Since it's the time of the year where we all sit back and reflect to who we want to be next year, and yes, I did my fair share of reflecting on resolutions I'd make to usher in year 2011. I bet we all- I personally don't keep to resolutions I make every year. Therefore, my fantastical brain managed to come up with good shit I can actually (or maybe) live up to.
And so,
Realistic resolutions that I'll try to accomplish for year 2011.
1. Gain 5kg
People who are close to me have been complaining me being stick thin. I had a classmate this year who actually thought I was anorexic ; signaling maybe after all I do look gravely ill. Someone else told me he didn't want to hug the fattest kid from Sudan to sleep next time. Mum reminded me of how unflattering I look in certain clothes. I shrunk a size and I'm bumless. That sounded really critical. But I would be contented to put weight everywhere or anywhere but definitely not my face and my tummy.
2. Grow my hair long prefably way past my uhm.. chest?
I failed miserably growing beautiful long locks past these few years thanks to giving in to the persuasions of my few previous hairdressers. And I'm also trying to grow my fringe way past my nose.
3. Be a better girl/ person with all that I've learnt this year.
I'm am currently stuck between two very contradicting personalities trying to outdo one another - an optimistic realist and a pessimistic idealist. Both generating a very haywiring effect on the things that I do or personally feel. There are a few theories which I am yet to test but judging from unnecessary experiences that I could have avoided, I find myself stuck within my zone again. I don't need somebody to come tell me how life would be continuosly laced with God's provision, protection or guidance or simply everything happens in His will. That's consolation we tell ourself when bad things happens. I'm up to grow spiritually but I want to be proven right in things that I believe . Not just theories I read or hear.

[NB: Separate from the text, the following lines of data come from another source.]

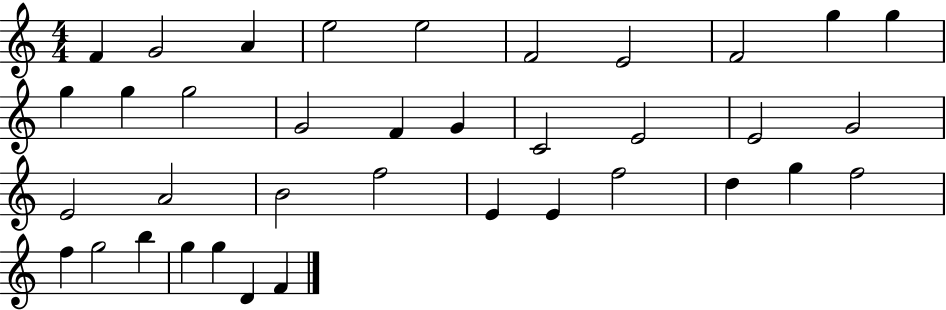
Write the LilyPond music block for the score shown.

{
  \clef treble
  \numericTimeSignature
  \time 4/4
  \key c \major
  f'4 g'2 a'4 | e''2 e''2 | f'2 e'2 | f'2 g''4 g''4 | \break g''4 g''4 g''2 | g'2 f'4 g'4 | c'2 e'2 | e'2 g'2 | \break e'2 a'2 | b'2 f''2 | e'4 e'4 f''2 | d''4 g''4 f''2 | \break f''4 g''2 b''4 | g''4 g''4 d'4 f'4 | \bar "|."
}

A lot of chances laid right before me that I've missed out this year. I want to stop taking things and people who matter to me for granted.
4. Date myself?
I wanted to add in more like how I would actually make the effort to study harder next year, be a filial daughter, make sure I spend more time praying and that whole load of rubbish I'll never do. but I think for the moment these four resolutions are decent enough to create that little bit of push for a difference next year.